Stephen A. Mansfield, Asst. U.S. Atty., Los Angeles, Cal., for plaintiff-appellant.

Maxwell S. Keith, Los Angeles, Cal., for defendant-appellee.

Appeal from the United States District Court for the Central District of California.

Before FLETCHER, CANBY, and BOOCHEVER, Circuit Judges.


The memorandum disposition in the above-entitled case filed June 18, 1991 is amended and redesignated a per curiam opinion.



The United States appeals an order of the district court expunging James P. Smith's criminal record. The district court believed that under its inherent equitable powers it could expunge all record of Smith's felony convictions, without any finding or allegation that the convictions were unconstitutional or in violation of statutory authority. The court relied on Smith's "otherwise clean background," the relatively minor nature of his offenses, his successful completion of the five-year probationary term imposed for those convictions, and his laudable purpose for seeking the expunction--to reenlist in the United States Army Reserves during the Persian Gulf War.1  745 F. Supp. 1553.

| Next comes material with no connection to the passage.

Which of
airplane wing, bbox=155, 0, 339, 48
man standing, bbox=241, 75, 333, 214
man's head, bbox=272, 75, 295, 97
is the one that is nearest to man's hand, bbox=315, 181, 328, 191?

Here, there was no statutory authority for the district court's expunction order. Instead, the court assumed that among its inherent powers was that of expunction of criminal convictions in appropriate cases. Indeed, we have sanctioned the remedy of expunction of criminal records in civil rights cases involving unconstitutional state convictions. See, e.g., Maurer v. Los Angeles County Sheriff's Dept., 691 F.2d 434, 437 (9th Cir. 1982) ("It is well settled that the federal courts have inherent equitable power to order 'the expungement of local arrest records as an appropriate remedy in the wake of police action in violation of constitutional rights.' "); Shipp v. Todd, 568 F.2d 133, 134 (9th Cir. 1978) (per curiam) (where civil rights plaintiff sought expunction of conviction obtained without due process, we noted that " 'federal courts have inherent power to expunge criminal records when necessary to preserve basic legal rights.' ") (citation omitted). We assume for purposes of our decision that district courts have the same power over federal convictions. See, e.g., United States v. Sweeney, 914 F.2d 1260, 1264 (9th Cir. 1990) (assuming, without deciding, that inherent expunction power over federal convictions exists); United States v. G., 774 F.2d 1392, 1394 (9th Cir. 1985) (same).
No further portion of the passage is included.